Ahead of the 96th edition of the Oscars, the Academy of Pentagon Arts and Sciences has roped in Donald Trump to replace Jimmy Kimmel as host in the hope that the attention Trump receives from the event will be enough to stop him running for President of the US. Trump, of course, is also in contention for best director at the Oscars for his belatedly nominated production, Conquering Capitol Hill. As for best film, Taylor Swift’s The Eras Tour has come in as a last-minute replacement for Oppenheimer, which was disqualified due to Christopher Nolan’s reluctance to reply to the official nomination by email.
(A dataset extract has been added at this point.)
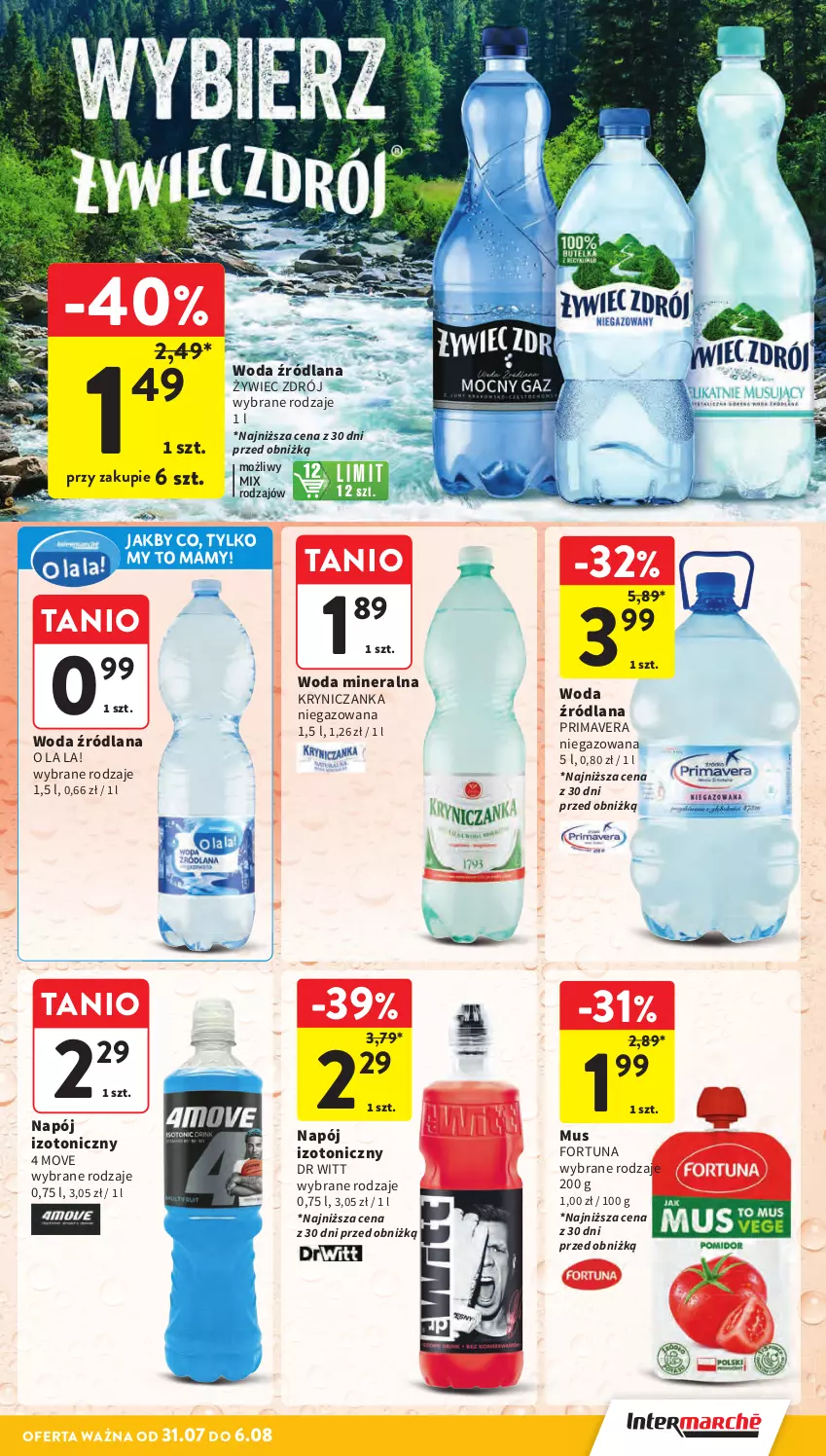Gazetka promocyjna Intermarche - Gazetka Intermarche - ważna 31.07 do 06.08.2025 - strona 31 - produkty: Fortuna, LANA, Mus, Napój, Napój izotoniczny, Prima, Primavera, Woda, Woda mineralna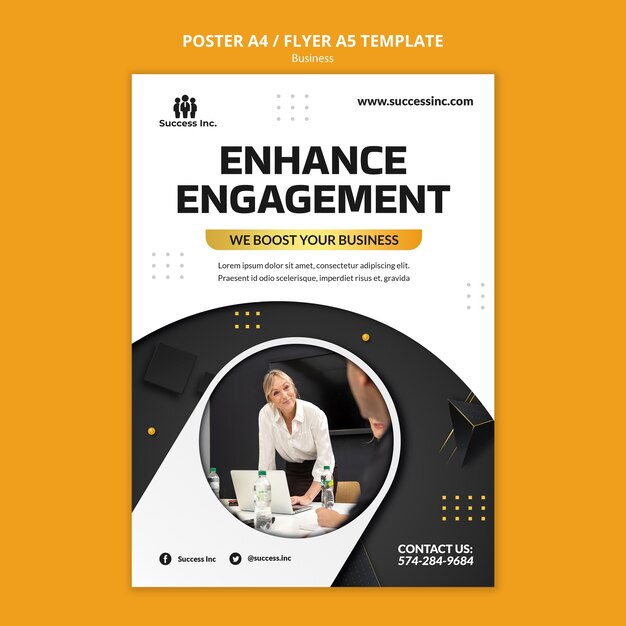 Realistisches Business-Poster-Template-Design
Meanwhile, Cillian Murphy has been informed that he will not be winning in the best actor category if he fails to provide at least three memeworthy expressions during the Oscars’ red carpet. The gong for best actress, set to be a two-horse race between Emma Stone and Lily Gladstone, will be handed over to whoever supplies the most gossip at the pre-Oscar gala. To spice things up further, Ryan Gosling, apparently indifferent to ‘Ken-dangering’ his career, has promised to slap every single man voting for the Academy Awards should Barbie walk out of the Oscars empty-handed.
Elsewhere, Margot Robbie may not be attending the Oscars at all, since her designers can no longer come up with a new shade of pink.
Wondering what else happened as you analysed which of your friends should win best supporting actor/actress in a situationship? Here’s presenting the top stories from the week that should have been.
March 4
- After Lalu Prasad Yadav insults the Prime Minister by saying that Narendra Modi “has no family”, trolls on X whom the PM has followed at any point since 2014 add “Modi ka parivaar” to their bios.
- According to the findings of the latest Pew survey on democracy, which is usually read most diligently by dictators, there appears to be a direct correlation between a political leader’s disregard for democratic process and the number of times they have been invited to a State event in India.
March 5
- Facebook and Instagram run into server issues due to overworked Meta staff’s inability to juggle daily responsibilities with Mark Zuckerberg’s newest instruction to recreate “all the delicious, unpronounceable stuff I ate in Jamnagar inside the Metaverse”.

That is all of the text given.